Day 1 of the Adobe 2015 Tech Summit wrapped up a few hours ago and it was an outstanding day. Beyond the great speakers, they have provided a room filled with whiteboards on every surface — walls and tables — to allow groups of individuals to get together and brainstorm new ideas. I had the opportunity today to get together with several different architects and engineers to go over the work I have been doing — and documenting — here on Virtual Elephant over the past few months. I received some great feedback from several people which has fueled me further to continue running ahead to get these pieces all sorted out.

Currently today, I have a working lab environment where I can deploy everything from a persistent HDFS data warehouse layer, Mesosphere clusters, Apache Hadoop (compute-only) clusters and Apache Storm clusters through the VMware Big Data Extensions framework. From there, I have begun work on creating or using pre-existing Docker containers and loading them into the Mesosphere cell through the API. These containers are then able to access the persistent HDFS layer and write data down to be consumed by Hadoop clusters accessing the same layer.

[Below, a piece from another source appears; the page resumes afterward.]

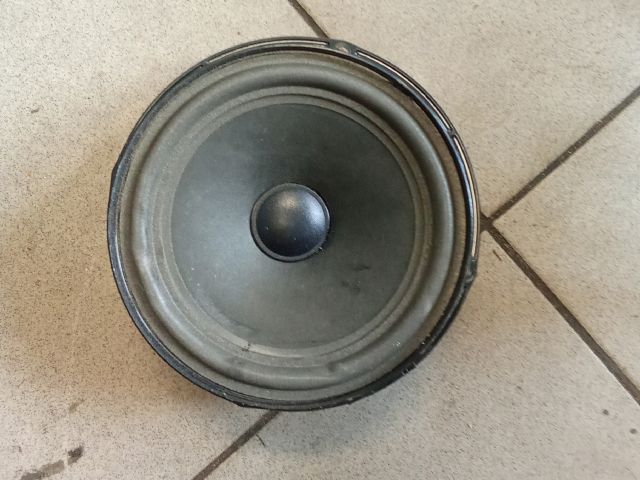 bontott VW PASSAT B6 Bal hátsó Hangszóró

The logical design looks like this:


I have been focused on the layers above the Cloud Management Layer (CML) for the last six months, while my teammates have been focused on the CML layers down — specifically VIO, VSAN, NSX and vSphere. The best part of the journey has been the opportunity to see our efforts combining to create an end-to-end solution. In order to draw the focus away from the diagram, I have avoided calling out specific solutions for the CML, Monitoring and Cluster Deployment Framework. That being said, the work I have done with VMware Big Data Extensions has been leveraged in this work.

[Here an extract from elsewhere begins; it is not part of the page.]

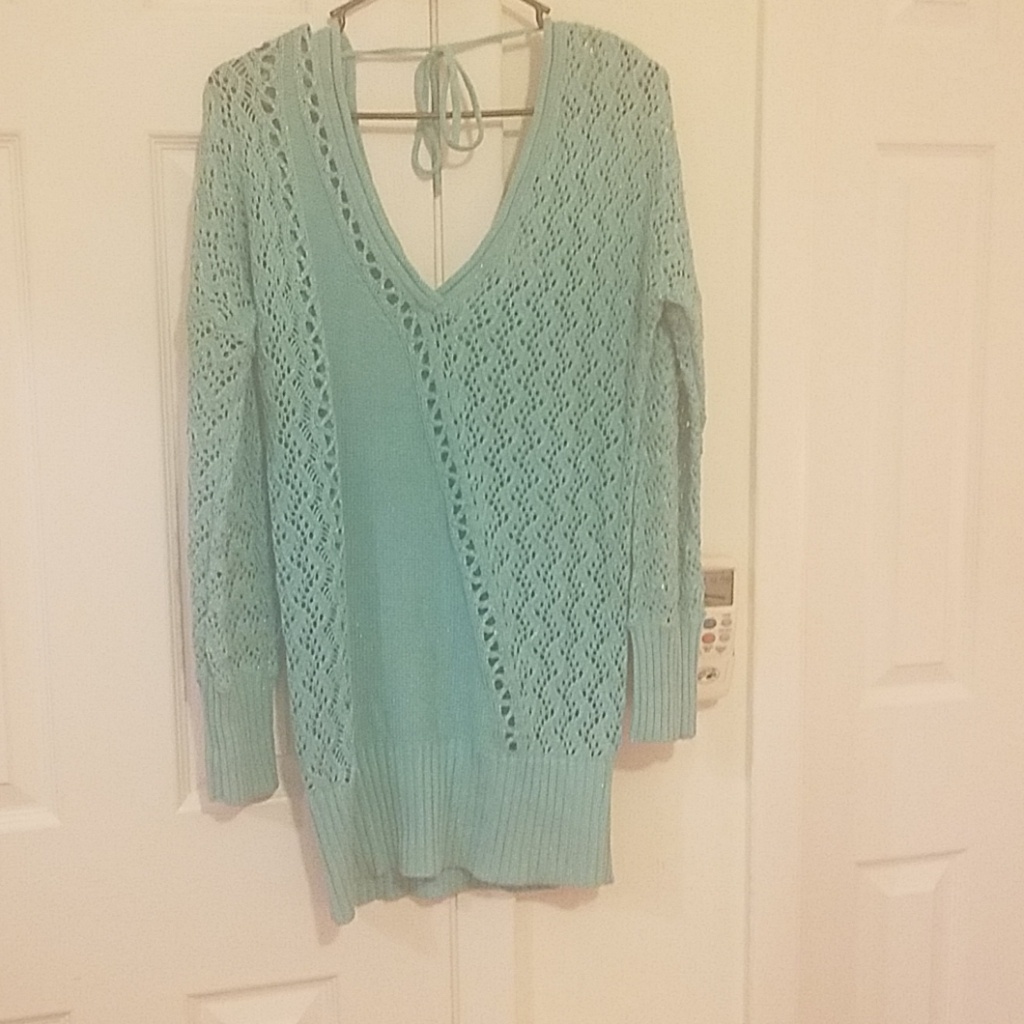 Cache Sweater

The interesting part that has come out of our combined efforts revolve around the capabilities of Heat templates and the JSON files that Big Data Extensions is leveraging today to define clusters. I tweeted about this briefly a bit ago and after having several good discussions, I believe the future roadmap for the work will be to add functionality to Big Data Extensions. I am hoping VMware will take the lead on this effort, as I firmly believe it will add great value to the product itself.